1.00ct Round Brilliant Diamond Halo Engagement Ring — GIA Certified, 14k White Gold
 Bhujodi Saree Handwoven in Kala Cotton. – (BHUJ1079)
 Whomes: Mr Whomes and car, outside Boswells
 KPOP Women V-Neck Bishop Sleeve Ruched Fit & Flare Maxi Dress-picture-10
==
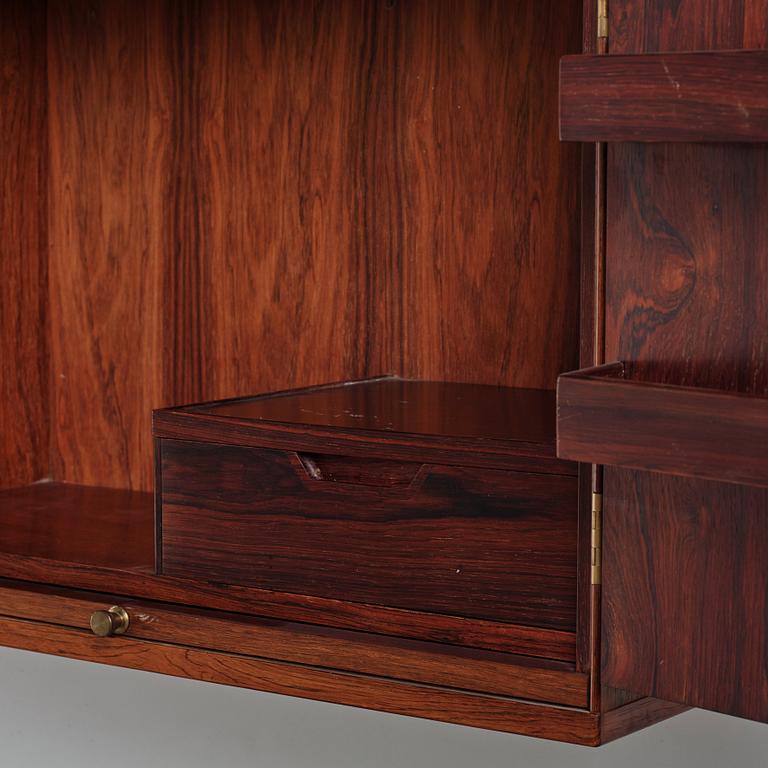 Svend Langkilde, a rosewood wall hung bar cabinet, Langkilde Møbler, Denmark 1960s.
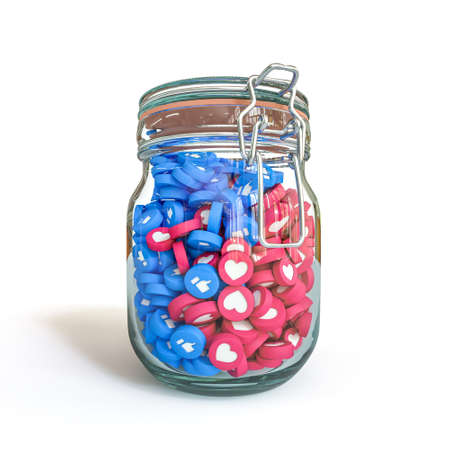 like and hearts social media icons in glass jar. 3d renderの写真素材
...
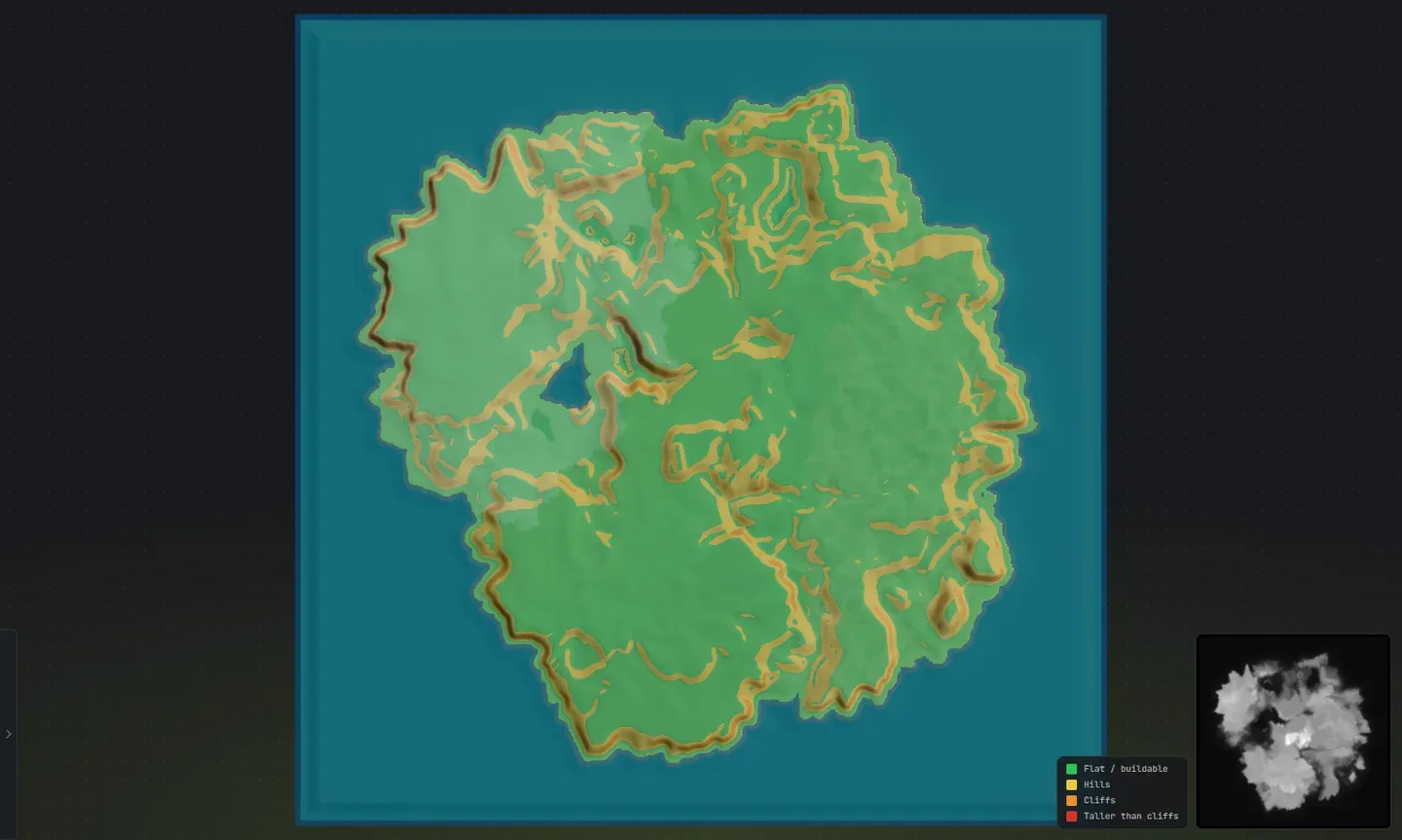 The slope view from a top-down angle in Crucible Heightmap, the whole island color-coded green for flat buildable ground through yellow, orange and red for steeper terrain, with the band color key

§ **TASK**:
Of the entries above, repeat exactly the lines between the line with "1.00ct Round Brilliant" and the line with "KPOP Women V-Neck", inclusive, and no others.

§ **RESULT BELOW**:
1.00ct Round Brilliant Diamond Halo Engagement Ring — GIA Certified, 14k White Gold
 Bhujodi Saree Handwoven in Kala Cotton. – (BHUJ1079)
 Whomes: Mr Whomes and car, outside Boswells
 KPOP Women V-Neck Bishop Sleeve Ruched Fit & Flare Maxi Dress-picture-10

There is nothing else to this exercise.